Sunday, 12 March 2023

A MEETING WITH KERRY WASHINGTON IN THE BRONX

Today, The Grandma has visited the Bronx accompanied by one of her closest friends, Kerry Washington, who was born in this incredible neighbourhood.

Kerry Marisa Washington (born January 31, 1977) is an American actress, producer, and director. She gained wide public recognition for starring as crisis management expert Olivia Pope in the ABC drama series Scandal (2012–2018). For her role, she was twice nominated for the Primetime Emmy Award for Outstanding Lead Actress in a Drama Series and once for the Golden Globe Award for Best Actress -Television Series Drama. 
 
Her portrayal of Anita Hill in the HBO television political thriller film Confirmation (2016), and her role as Mia Warren in the Hulu miniseries Little Fires Everywhere (2020), both earned nominations for the Primetime Emmy Award for Outstanding Lead Actress in a Miniseries or a Movie.
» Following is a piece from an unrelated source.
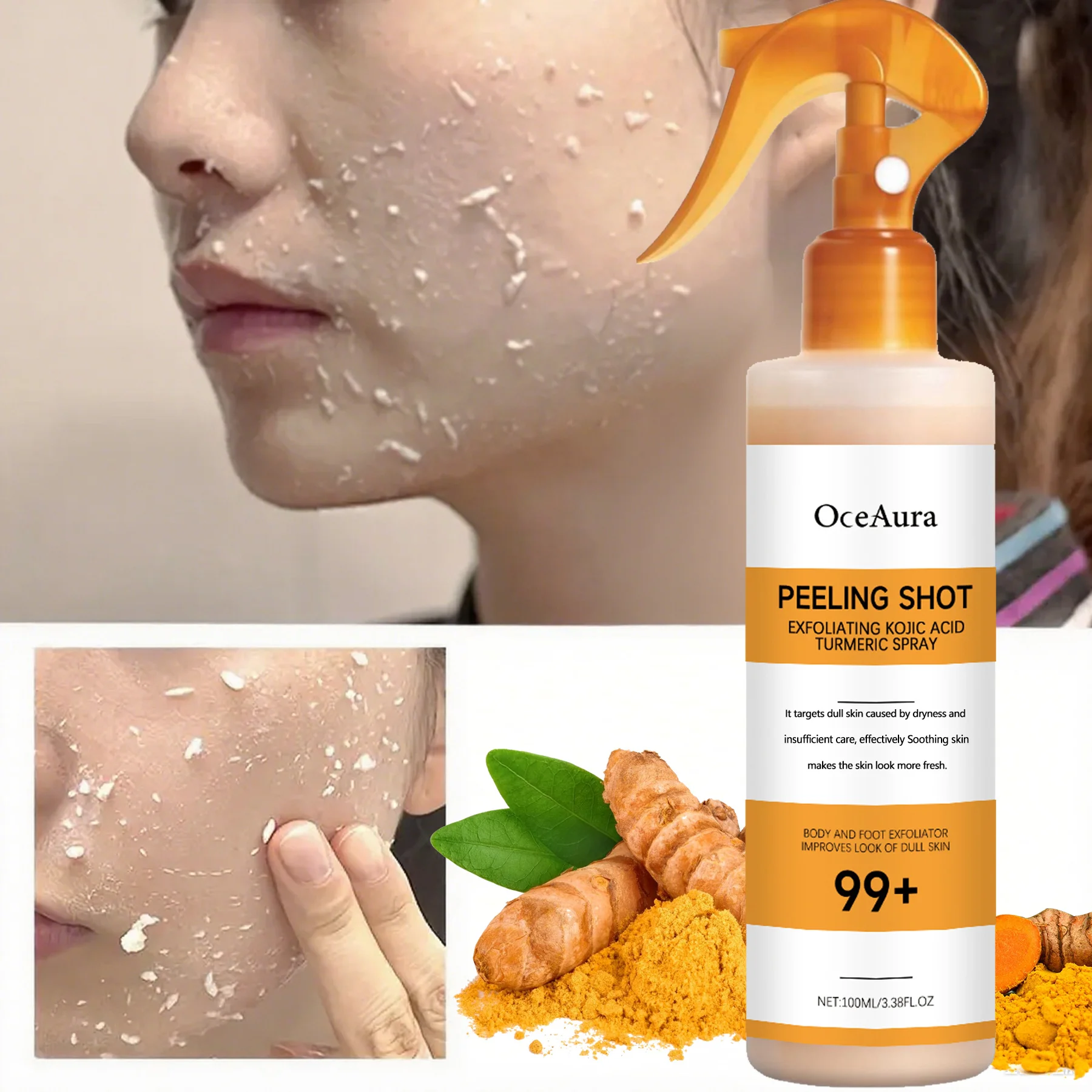 Kojic Acid Turmeric Exfoliating Spray Physical Exfoliation Delicate Smooth Skin, Even Tone Body Face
In film, Washington is known for her roles as Della Bea Robinson in Ray (2004), as Kay in The Last King of Scotland (2006), as Alicia Masters in the live-action Fantastic Four films of 2005 and 2007, and as Broomhilda von Shaft in Quentin Tarantino's Django Unchained (2012). She has also starred in the independent films Our Song (2000), The Dead Girl (2006), Mother and Child (2009), Night Catches Us (2010), and American Son (2019).

Time magazine included Washington in its Time 100 list of most influential people in 2014.

In 2018, Forbes named her the eighth highest-paid television actress. Washington has won a Primetime Emmy Award and five NAACP Image Awards, including The President's Award.

Washington was born in the Bronx, New York City, the daughter of Valerie, a professor and educational consultant, and Earl Washington, a real estate broker. Her father's family is of African American origin, having moved from South Carolina to Brooklyn.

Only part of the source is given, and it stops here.